To illustrate his point, he explained that during the Constitutional Convention in 1787, one big concern was to prevent the states from losing power to the federal government. There were three measures that were introduced to achieve this goal: The state legislation retained the power of redistricting, was able to appoint members to the Senate before the enactment of the 17th Amendment in 1912 and could choose how to select its electors. This ensured that Congress stayed attentive to the state’s needs, and that the state’s power was manifested in presidential elections.

“The Founding Fathers would be gobsmacked at how states have allowed for them to be ignored for decades and decades without doing something about it,” Querard said.

The fact that some states receive more attention during presidential campaigns than others was Querard’s main reason to support the NPVC. He provided the statistics for the 2012 general election campaign, which showed that in a swing state such as Florida, Obama and Romney combined spent roughly $175 million on TV advertisements. In traditionally Republican or Democratic states like Utah and Wyoming or Vermont and Massachusetts, the spending for TV ads was virtually zero.

Querard stressed that the focus on swing states does not stop after the election, but is also reflected in presidential policies, since the promises made during the campaign now have to be kept and also because the president is essentially already campaigning for his reelection as soon as he takes office.

He brought the examples of Medicare benefits being expanded in Florida, No Child Left Behind being implemented after voters in Ohio wanted federal involvement in education, ethanol subsidies being put into effect to win over Iowa, and steel tariffs being enacted to secure Pennsylvania. Because presidential campaigns focus so much on swing states, national issues are largely disregarded.

On the other hand, opponents of the NPVC are concerned that the compact will shift campaign attention from swing-states to areas with the highest population, which would leave rural regions ignored and create the same current problem, merely in a different form.

Querard also addressed concerns over voter fraud and illegal immigration. Opponents fear that voter fraud and recounts, such as the one in Florida in 2000, would become a nationwide phenomenon, instead of being contained to swing-states. Querard thinks that because a national popular vote shifts the focus from a small number of swing states to the entire nation, voter fraud would be much harder if not impossible. The amount of stolen votes that would change the outcome of the election becomes too large. On illegal immigration, Querard pointed out that the NPVC would eradicate any influence of undocumented immigrants on the election, since only citizens are allowed to vote.

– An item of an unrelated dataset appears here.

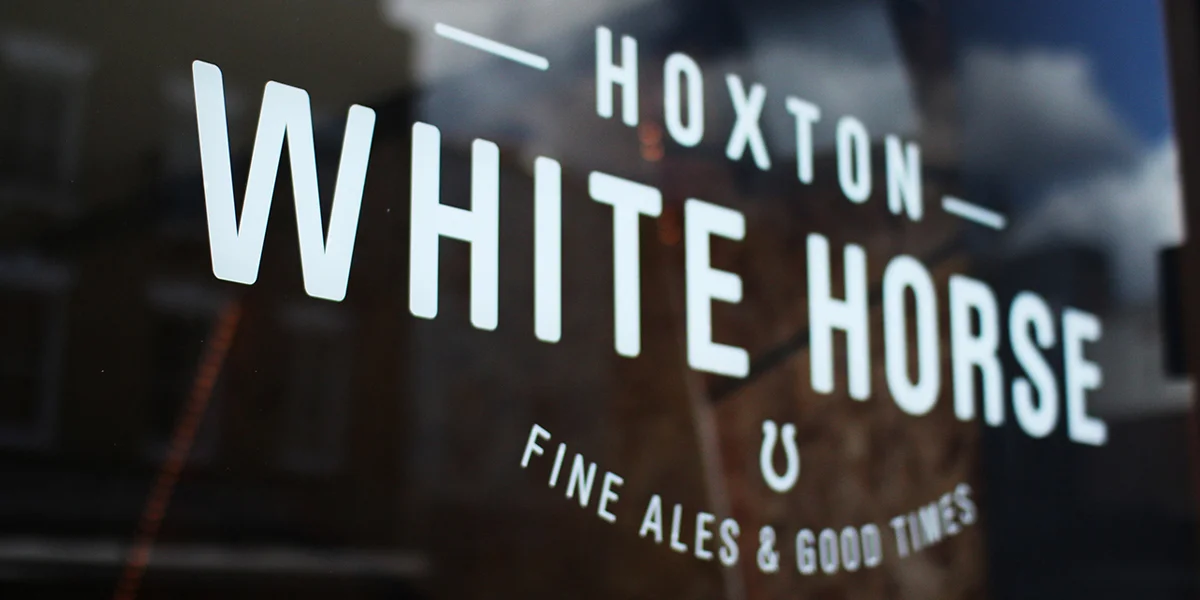 BREAD_COLLECTIVE_HOXTON_WHITE_HORSE_LEAD_3.jpg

Lastly, Querard stated that a national popular vote would have a big effect on voter turnout, since the current system discourages voting in traditionally Democratic and Republican states. With a national popular vote, every vote that is cast would directly count toward the election of the president, which may spur more citizens to engage in politics and participate in democracy.

Querard concluded, “Right now, there are so many reasons for people not to vote. Why don’t we give them a reason to vote?”